** Opening INFORMATION SUPPLIED block **

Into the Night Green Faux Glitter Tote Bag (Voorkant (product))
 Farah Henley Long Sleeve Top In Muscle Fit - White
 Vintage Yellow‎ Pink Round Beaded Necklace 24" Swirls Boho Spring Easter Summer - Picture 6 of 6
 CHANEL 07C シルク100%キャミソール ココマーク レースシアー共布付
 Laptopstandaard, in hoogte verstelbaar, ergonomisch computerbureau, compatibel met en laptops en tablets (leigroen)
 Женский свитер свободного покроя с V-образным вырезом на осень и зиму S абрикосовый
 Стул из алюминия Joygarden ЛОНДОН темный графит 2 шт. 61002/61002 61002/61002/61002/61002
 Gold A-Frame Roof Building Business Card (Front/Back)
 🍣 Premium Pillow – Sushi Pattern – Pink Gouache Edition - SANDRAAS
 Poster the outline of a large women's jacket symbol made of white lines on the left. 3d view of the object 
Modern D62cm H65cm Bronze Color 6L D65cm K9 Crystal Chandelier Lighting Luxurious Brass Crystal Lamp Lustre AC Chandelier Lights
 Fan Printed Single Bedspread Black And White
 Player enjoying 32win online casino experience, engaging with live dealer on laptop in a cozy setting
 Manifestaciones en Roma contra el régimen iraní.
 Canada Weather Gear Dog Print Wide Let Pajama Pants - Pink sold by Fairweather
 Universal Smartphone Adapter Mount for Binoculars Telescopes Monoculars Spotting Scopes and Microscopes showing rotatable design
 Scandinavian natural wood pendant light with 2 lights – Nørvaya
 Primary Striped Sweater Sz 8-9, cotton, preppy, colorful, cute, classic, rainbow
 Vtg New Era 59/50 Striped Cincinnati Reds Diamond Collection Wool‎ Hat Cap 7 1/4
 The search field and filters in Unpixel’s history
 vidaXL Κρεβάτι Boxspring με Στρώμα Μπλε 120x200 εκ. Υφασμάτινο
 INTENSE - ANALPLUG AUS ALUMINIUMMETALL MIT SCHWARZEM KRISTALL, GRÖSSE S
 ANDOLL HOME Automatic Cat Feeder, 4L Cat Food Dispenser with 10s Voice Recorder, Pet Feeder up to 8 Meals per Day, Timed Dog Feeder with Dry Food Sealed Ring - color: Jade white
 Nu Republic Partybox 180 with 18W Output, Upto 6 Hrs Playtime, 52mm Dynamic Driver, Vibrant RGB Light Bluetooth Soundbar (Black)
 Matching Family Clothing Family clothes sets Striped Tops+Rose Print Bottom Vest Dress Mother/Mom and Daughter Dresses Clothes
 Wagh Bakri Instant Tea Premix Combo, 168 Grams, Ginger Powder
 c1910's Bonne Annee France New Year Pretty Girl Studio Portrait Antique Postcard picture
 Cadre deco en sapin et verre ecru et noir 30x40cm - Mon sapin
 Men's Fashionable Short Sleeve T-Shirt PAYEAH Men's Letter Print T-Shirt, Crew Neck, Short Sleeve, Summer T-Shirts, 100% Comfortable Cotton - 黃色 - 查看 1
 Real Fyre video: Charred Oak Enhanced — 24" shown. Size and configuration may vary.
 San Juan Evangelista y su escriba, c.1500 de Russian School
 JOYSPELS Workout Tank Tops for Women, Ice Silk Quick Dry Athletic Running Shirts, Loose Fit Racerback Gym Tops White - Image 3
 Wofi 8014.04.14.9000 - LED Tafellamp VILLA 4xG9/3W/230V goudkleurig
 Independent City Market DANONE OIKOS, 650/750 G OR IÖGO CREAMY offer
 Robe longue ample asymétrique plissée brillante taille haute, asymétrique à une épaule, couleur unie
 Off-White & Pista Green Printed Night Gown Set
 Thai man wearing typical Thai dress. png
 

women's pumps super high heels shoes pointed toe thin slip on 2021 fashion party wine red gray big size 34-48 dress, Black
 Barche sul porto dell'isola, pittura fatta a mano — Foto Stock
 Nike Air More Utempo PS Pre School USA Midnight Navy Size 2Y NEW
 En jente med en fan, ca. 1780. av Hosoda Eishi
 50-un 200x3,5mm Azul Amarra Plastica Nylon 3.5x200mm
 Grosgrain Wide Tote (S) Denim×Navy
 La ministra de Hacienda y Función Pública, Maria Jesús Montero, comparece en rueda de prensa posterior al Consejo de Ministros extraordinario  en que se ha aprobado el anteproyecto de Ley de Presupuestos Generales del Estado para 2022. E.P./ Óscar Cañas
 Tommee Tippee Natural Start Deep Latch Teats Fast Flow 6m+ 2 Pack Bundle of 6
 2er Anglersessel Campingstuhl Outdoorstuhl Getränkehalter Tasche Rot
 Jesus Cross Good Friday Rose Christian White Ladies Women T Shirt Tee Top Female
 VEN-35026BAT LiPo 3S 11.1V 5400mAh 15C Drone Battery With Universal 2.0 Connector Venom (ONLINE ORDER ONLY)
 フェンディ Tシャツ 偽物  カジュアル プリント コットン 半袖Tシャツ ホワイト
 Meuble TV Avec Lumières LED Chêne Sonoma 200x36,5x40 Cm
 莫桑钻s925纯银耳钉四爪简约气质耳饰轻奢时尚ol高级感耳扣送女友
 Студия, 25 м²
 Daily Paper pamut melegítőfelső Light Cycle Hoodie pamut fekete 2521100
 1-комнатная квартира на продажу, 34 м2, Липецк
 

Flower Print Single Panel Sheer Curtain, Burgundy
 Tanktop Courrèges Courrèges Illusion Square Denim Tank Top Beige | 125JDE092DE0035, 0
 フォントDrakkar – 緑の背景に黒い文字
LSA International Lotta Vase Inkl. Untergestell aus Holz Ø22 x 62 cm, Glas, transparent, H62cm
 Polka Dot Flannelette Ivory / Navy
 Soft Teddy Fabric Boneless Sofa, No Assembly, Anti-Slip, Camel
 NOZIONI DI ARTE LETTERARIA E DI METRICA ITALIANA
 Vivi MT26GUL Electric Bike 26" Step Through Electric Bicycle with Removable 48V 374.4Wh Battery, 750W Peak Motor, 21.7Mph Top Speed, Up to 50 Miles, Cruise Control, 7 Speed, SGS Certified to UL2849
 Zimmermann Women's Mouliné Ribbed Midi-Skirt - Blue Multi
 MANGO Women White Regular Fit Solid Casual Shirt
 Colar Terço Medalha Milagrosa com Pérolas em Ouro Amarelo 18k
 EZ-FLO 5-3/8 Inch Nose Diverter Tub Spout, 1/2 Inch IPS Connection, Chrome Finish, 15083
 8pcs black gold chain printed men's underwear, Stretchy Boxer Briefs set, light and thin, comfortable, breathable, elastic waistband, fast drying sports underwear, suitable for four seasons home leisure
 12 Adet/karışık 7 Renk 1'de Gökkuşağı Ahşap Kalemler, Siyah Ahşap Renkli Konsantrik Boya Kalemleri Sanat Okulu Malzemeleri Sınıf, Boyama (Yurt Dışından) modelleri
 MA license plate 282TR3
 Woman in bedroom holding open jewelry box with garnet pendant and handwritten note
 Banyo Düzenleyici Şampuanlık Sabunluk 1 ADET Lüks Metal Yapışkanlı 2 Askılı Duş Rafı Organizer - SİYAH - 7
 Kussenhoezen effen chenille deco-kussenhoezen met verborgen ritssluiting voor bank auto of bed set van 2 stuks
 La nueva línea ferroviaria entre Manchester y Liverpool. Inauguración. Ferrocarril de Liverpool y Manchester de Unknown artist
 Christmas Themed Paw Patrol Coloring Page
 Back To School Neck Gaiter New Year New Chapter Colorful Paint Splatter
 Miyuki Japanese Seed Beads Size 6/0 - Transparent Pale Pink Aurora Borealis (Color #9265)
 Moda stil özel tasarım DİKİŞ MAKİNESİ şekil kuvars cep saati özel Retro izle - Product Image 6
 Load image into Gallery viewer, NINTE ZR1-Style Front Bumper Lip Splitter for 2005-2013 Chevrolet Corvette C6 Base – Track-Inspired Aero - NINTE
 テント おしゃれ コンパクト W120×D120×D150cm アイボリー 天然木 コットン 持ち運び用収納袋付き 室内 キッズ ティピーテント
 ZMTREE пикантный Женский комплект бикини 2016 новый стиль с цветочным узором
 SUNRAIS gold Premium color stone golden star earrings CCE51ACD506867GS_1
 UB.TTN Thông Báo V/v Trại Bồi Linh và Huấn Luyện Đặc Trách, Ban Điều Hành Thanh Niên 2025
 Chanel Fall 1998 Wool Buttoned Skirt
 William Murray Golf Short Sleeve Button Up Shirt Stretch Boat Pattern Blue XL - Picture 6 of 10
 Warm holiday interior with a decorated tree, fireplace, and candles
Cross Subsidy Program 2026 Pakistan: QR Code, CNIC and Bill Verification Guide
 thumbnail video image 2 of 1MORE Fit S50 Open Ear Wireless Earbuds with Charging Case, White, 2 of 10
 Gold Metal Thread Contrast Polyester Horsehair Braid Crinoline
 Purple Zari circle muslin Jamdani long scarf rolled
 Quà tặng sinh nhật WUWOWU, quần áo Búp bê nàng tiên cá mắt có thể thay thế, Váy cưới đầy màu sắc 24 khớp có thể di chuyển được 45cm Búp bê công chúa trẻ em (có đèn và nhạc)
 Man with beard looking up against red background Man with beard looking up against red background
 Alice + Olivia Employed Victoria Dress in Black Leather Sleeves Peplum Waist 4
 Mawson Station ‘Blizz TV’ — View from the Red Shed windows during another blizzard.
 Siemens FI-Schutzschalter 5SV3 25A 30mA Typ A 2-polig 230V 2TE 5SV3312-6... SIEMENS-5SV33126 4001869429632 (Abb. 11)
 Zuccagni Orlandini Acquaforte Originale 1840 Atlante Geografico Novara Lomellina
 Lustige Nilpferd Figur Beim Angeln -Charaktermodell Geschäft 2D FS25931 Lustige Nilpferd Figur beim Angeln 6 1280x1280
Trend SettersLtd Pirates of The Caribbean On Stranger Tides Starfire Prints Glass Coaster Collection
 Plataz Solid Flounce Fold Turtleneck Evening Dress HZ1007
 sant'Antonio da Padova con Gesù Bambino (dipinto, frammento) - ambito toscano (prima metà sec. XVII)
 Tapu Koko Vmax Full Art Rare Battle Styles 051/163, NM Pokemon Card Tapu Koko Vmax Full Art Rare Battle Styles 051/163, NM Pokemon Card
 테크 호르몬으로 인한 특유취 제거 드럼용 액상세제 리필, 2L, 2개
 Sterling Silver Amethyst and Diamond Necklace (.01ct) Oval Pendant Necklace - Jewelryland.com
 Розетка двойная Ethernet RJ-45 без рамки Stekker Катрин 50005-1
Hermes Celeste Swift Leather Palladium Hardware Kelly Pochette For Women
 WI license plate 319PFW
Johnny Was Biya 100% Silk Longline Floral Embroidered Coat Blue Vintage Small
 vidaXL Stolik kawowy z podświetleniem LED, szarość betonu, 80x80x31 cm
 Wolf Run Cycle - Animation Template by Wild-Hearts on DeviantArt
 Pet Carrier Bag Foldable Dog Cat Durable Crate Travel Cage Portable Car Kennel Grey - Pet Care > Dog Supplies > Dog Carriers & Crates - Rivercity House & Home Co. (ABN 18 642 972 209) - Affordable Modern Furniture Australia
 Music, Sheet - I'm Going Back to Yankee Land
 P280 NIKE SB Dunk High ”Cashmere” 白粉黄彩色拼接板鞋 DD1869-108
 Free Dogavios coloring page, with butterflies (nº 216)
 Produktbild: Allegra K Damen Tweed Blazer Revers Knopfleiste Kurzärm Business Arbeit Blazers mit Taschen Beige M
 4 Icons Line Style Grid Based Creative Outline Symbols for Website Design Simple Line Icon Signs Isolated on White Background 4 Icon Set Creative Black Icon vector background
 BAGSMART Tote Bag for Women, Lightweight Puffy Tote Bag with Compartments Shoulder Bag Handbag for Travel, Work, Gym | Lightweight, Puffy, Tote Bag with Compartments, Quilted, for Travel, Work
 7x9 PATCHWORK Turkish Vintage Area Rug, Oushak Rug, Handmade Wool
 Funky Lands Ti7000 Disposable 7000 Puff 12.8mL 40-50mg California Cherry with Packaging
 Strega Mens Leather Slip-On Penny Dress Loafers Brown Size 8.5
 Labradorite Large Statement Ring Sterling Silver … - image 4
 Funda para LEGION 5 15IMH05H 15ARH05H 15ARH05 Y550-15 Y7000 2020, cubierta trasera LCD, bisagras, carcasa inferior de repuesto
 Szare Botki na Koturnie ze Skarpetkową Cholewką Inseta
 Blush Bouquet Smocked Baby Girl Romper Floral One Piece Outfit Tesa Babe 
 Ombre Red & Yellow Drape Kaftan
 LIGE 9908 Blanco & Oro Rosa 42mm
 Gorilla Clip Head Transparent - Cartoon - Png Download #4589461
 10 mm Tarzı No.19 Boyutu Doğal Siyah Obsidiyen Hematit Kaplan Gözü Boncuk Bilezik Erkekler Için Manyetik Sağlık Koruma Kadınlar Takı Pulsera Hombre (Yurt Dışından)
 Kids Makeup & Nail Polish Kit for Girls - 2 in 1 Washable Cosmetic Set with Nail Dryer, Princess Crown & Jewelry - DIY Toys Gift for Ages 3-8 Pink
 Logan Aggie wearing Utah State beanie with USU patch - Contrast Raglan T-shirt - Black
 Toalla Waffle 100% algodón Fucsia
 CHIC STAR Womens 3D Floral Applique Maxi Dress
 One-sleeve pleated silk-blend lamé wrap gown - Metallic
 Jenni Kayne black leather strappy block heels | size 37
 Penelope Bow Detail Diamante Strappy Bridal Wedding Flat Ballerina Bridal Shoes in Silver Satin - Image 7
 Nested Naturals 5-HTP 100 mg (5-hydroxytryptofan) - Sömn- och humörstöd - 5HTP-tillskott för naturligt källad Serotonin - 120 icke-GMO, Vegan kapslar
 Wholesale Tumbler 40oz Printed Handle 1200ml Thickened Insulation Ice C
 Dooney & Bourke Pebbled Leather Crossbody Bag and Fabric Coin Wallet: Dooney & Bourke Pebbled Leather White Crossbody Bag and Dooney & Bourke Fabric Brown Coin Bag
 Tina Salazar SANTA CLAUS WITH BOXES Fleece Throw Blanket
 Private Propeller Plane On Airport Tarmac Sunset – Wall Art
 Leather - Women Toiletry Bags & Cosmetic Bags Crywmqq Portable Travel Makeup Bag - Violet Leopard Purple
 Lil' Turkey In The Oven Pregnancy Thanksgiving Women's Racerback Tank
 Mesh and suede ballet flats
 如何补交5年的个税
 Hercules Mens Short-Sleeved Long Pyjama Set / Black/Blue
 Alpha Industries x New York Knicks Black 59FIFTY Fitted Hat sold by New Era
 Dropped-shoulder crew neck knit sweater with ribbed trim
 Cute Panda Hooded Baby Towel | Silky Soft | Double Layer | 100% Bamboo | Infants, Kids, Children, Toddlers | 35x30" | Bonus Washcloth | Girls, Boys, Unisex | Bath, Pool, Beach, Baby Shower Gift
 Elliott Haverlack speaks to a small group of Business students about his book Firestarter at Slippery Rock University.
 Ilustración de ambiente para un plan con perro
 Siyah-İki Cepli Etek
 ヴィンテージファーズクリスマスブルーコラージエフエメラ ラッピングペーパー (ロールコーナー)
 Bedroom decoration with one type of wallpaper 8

** Closing INFORMATION SUPPLIED block **

WHAT THE TASK ASKS:
For this exercise, output exactly the lines above from the line with "CHANEL 07C シルク100%キャミソール ココマーク レースシアー共布付" to the line with "Женский свитер свободного", counting both, and leave out the rest.

WRITTEN ANSWER:
 CHANEL 07C シルク100%キャミソール ココマーク レースシアー共布付
 Laptopstandaard, in hoogte verstelbaar, ergonomisch computerbureau, compatibel met en laptops en tablets (leigroen)
 Женский свитер свободного покроя с V-образным вырезом на осень и зиму S абрикосовый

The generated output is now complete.